A multimodal framework for extraction and fusion of satellite images and public health data.
Dana MoukheiberDavid RestrepoSebastián Andrés CajasMaría Patricia Arbeláez MontoyaLeo Anthony CeliKuan-Ting KuoDiego M LópezLama MoukheiberMira MoukheiberSulaiman MoukheiberJuan Sebastian Osorio-ValenciaSaptarshi PurkayasthaAtika Rahman PaddoChenwei WuPo-Chih KuoPublished in: Scientific data (2024)

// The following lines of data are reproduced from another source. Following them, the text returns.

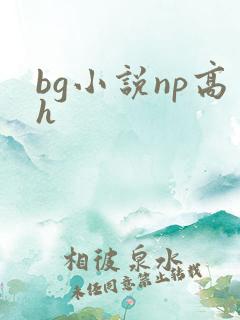 bg小说np高h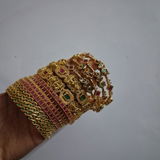 Rajani review photo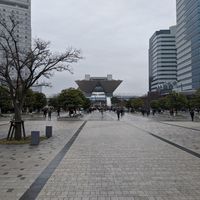 畑の画像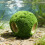Aquariums Landscape Artificial Moss Terrarium Landscape-1 3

In low- and middle-income countries, the substantial costs associated with traditional data collection pose an obstacle to facilitating decision-making in the field of public health. Satellite imagery offers a potential solution, but the image extraction and analysis can be costly and requires specialized expertise. We introduce SatelliteBench, a scalable framework for satellite image extraction and vector embeddings generation. We also propose a novel multimodal fusion pipeline that utilizes a series of satellite imagery and metadata. The framework was evaluated generating a dataset with a collection of 12,636 images and embeddings accompanied by comprehensive metadata, from 81 municipalities in Colombia between 2016 and 2018. The dataset was then evaluated in 3 tasks: including dengue case prediction, poverty assessment, and access to education. The performance showcases the versatility and practicality of SatelliteBench, offering a reproducible, accessible and open tool to enhance decision-making in public health.